До метро Саша обязан был ее проводить. А потом вернется и доспит. Наташа спешила, опаздывала. В спешке по дороге к метро разговор не складывался. Он спустился вместе с ней на платформу. Она молчала. Может быть, сейчас жалеет, что вчера согласилась пойти? Подъехал поезд. Был час пик. Их обоих внесли в вагон метро.
- А ты куда? - она повернулась и удивленно посмотрела на Сашу, прижатого к ней толпой.
- Провожаю.
- Куда провожаешь?
- Туда, - он показал по ходу поезда.
- Интересно, - протянула она, посмотрела на Сашу, будто не верит его словам.
- Ты зачем говорил, что я твоя родственница?
- Так проще. А им без разницы.
- Им, может быть.
- Хорошо, не родственница, - легко согласился Саша.
- Вы это все подстроили?
- Что?
- Ну, встретиться в музее. Вроде, случайно Я заметила.
- Ничего мы не подстроили.
Она замолчала. Он вышел с нею из поезда.
- Все, спасибо. Дальше не надо, - сказала она. Но вдруг, словно что-то для себя решив, она приподнялась на носочки и, чмокнув Сашу в щеку, сказала, - спасибо за компанию. Заскакивай.
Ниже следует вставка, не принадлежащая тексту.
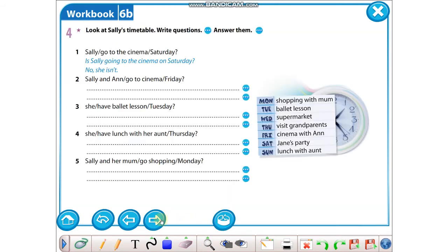Let's go on to part four. Look at Sally's timetable, write questions and answer them. Sally'nin bir zaman çizelgesi varmış burada; soru sorup cevap vereceğiz. Örneğe bakalım: Sally go to the cinema Saturday — kelimeleri kullanarak soru sormuş. Sally olduğu için is ile başlamış: Is Sally going to the cinema on Saturday? Bakın go'nun sonuna -ing koymuş. Bakalım cumartesiye — James' party'ye gidiyormuş, o zaman No, she isn't. İki: Sally and Anne go to cinema Friday — iki kişi olduğu için are ile başlayacağız. Are Sally and Anne going to the cinema on Friday? Bakalım — cinema with Anne dediğine göre, Yes, they are.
Она растворилась в толпе выходящих из метро.
Заскакивать? Он считал дни и в четверг вечером решил заскочить. Он долго ждал на проходной. Наконец спустилась девушка и сказала, что Наташи нет дома. Вот и заскакивай после этого. Записку для нее он не стал оставлять. Писать то, собственно, нечего.
ГЛАВА 5
В субботу вечером он заехал на Тверскую-Ямскую к тете Тоне. Официальная причина - проведать тетю Зою. Там были гости. Миша Минский с женой. Впервые Саша увидел Мишину жену, которую в коммунальной квартире его бабушки коллективно не любили. Обзывали разлучницей, принесшей любимице квартиры дочке Адели Поляковой, Маше много переживаний.
Разлучница, молодая женщина, с маловыразительными глазами, но с жесткой, волевой линией тонких губ и заметной горбинкой крупного носа, по мнению Саши, ни в какое сравнение с Машей Поляковой не шла. Саша слышал только, что она врач, как и Миша.
Чувствовалось, что Минские приехали по делу. И может быть, Саша им мешал говорить о деле. Взрослые: тетя Зоя, дядя Филя, тетя Тоня, Миша и Ира встали из-за большого стола, чтобы продолжить разговор в другой комнате. Саша хотел ехать домой, но Миша предложил: он на машине и потом его подбросит. Он тоже живет на Соколе. Переехал недавно на Ленинградский проспект.
Наконец долгий и, похоже, серьезный разговор закончился. Двери открылись. Миша стал прощаться. Тетя Тоня вышла провожать Минских и Сашу в коридор и пригласила Сашу заезжать на праздники, они планируют быть все дни дома безвылазно.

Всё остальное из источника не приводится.